Table 2. Effect of Stocking Rate on Pig Performance from Weaning to Market in a Wean-to-Finish System
Stocking Rate
Pig Performance Single Double
Weeks 1 to 10 Post-Weaning
(Double-Stocked Period)
Avg. weaning wt., lb. 13.0 13.0
Avg. 10-week wt., lb. * 94.0 87.6
Daily gain, lb. * 1.20 1.11
Daily feed intake, lb. * 1.75 1.73
Feed: gain 1.75 1.73
Week 11 Post-Weaning to Market
Avg. market wt., lb. 251.3 249.7
Daily gain, lb. 1.74 1.77
Daily feed intake, lb. 5.10 5.02
Feed: gain * 2.94 2.82
Days from weaning to market * 157 159
Mortality, % 1.5 1.8
Percent lean, % 54.3 54.6
* Significantly (P < 0.05) affected by stocking rate.

Despite the fact that this group differed from the one reported above (genetics, facility and management), the results were almost identical to those of the previous double-stocking trial, remarks Wolter.

At the southern Illinois farm, by the end of the 10-week trial period, there was about a 7-lb. (7%) difference in body weight in favor of the single-stocked group. That 7-lb. difference carried over to finishing, cutting the difference in performance to 3.5% in favor of the single-stocked pigs.

“Still, we have good confidence that there certainly is an economic advantage to double-stocking pigs,” he stresses, “because of the tremendous opportunity to increase your throughput and lower your total fixed costs of production.

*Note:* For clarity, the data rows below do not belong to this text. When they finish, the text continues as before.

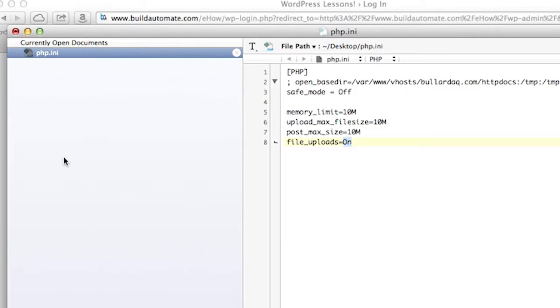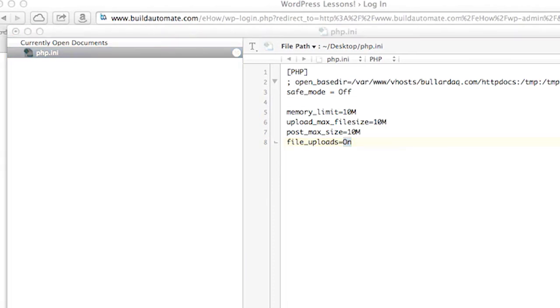Because these are initialization parameters, you may have to restart your server, depending upon your configuration, in order for those parameters to take effect.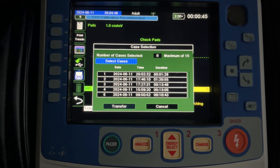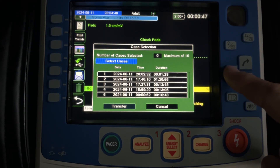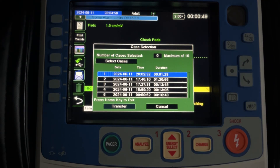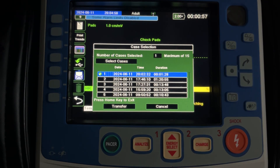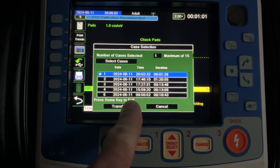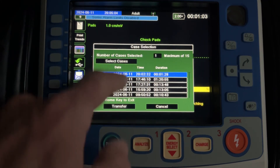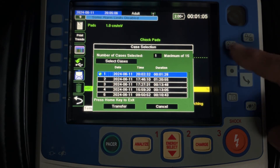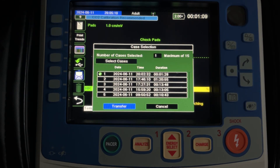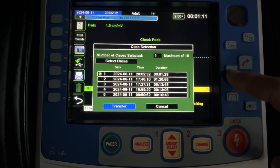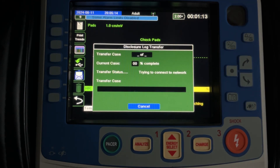Select Cases is highlighted, so I'm going to hit that dot enter button on the right side. It's going to pull me down into the list of calls that are available. I'm going to select the one that I want. Then it says press home key to exit, and what you're exiting is the selection criteria. I'm going to hit the home key, which is a button right here. It's going to highlight Transfer, and then I'm going to hit the little dot again to make the selection to transfer it.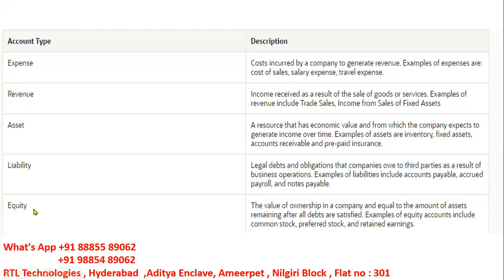Equity is the value of ownership in a company, equal to the amount of assets remaining after all debts are satisfied. Equity accounts include stock, preferred stock, and retained earnings. These are the five different types of accounting types we will find in General Ledger.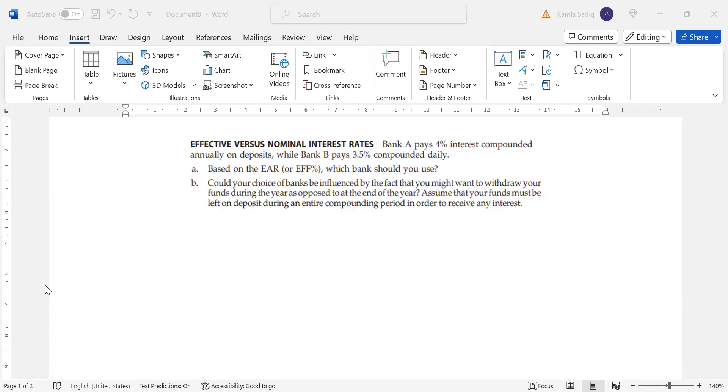Now, let's begin a question with effective versus nominal interest rates. Bank A pays 4% interest compounded annually on deposits, while Bank B pays 3.5% compounded daily. Based on the EAR, or effective percentage, which bank should you use?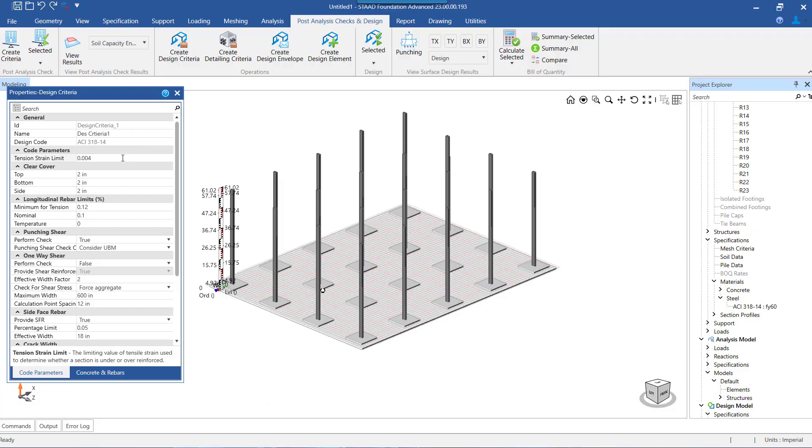The strain in that bar must be greater than or equal to the value specified here for the tensile strain limit. The lowest value permissible as per the code is 0.004 as shown here. The neutral axis position and the strength reduction factor are calculated on the basis of actual strain in the extreme tension bar.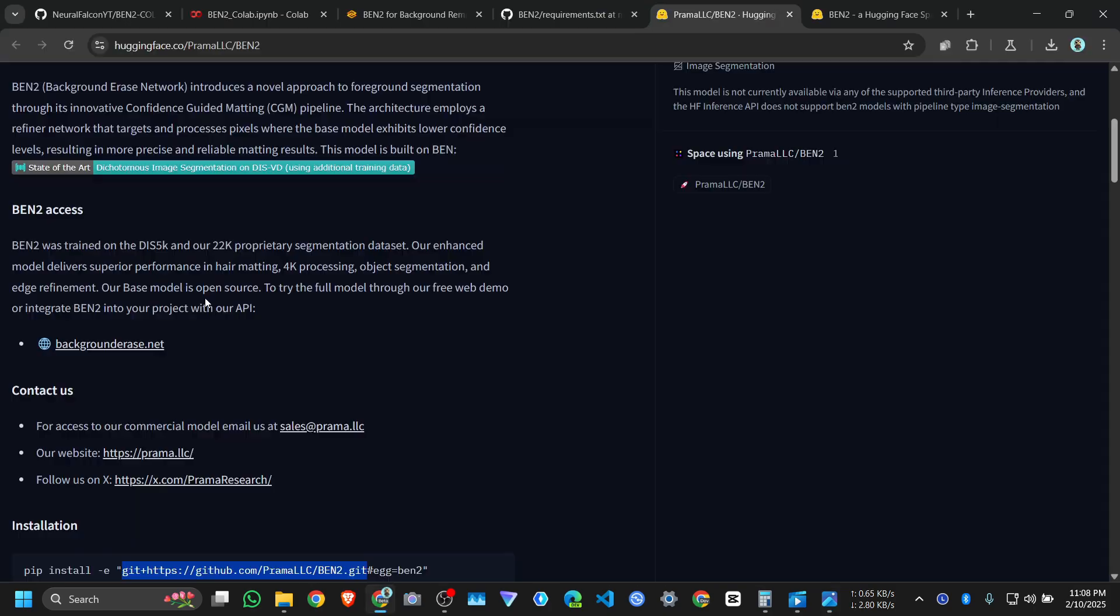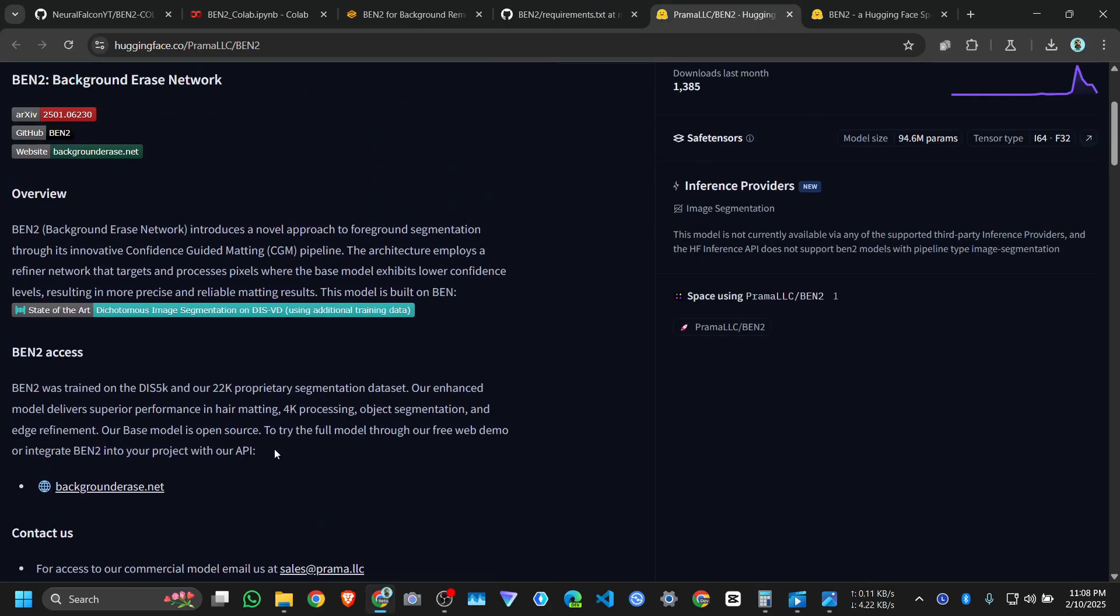To use it for commercial purposes, you can contact them. They have a commercial model that's more accurate than this one. You can contact them here. Bye everyone, I'll see you in my next video.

“But it is a difficult decision because you have to think how you are going to manage those extra pigs after you revert to single-stocking,” he points out.

Eric Parr, research manager at the United Feeds research farm at Sheridan, IN, says double-stocking also presents biosecurity, stress and transportation issues associated with moving the extra pigs.

Feeder Space

In a third trial, feeder space was doubled to evaluate pig performance from weaning to eight weeks post-weaning for groups of 108 pigs/pen. Two, six-hole, wean-to-finish feeders were positioned in the center of each pen; the control pens only had one feeder that contained feed.

Through week 6, doubling feeder trough space had no affect on growth performance. From week 6 to 8, pigs on the doubled feeder space had about 10% higher average daily gain and were close to 2 lb. heavier than the control group pigs (69.74 lb. vs. 67.98 lb.) at the end of week 8, says Wolter.

Cooperative Research Efforts

The wean-to-finish project at the University of Illinois is a multidisciplinary project involving animal scientists Mike Ellis, Stan Curtis, Gilbert Hollis and Floyd McKeith; ag economist Gary Schnitkey, ag engineer Gary Riskowski, veterinarian Larry Firkins and Doug Webel, swine nutritionist from United Feeds.

The graduate students participating include Bradley Wolter, Brendan Corrigan and Jake DeDecker.

Producer collaborators on the research include Art Lehman, Brauer Pork, Maschhoff Pork, Oasis Farms and United Feeds.

Supporting the project is funding from the Illinois Council on Food and Agricultural Research.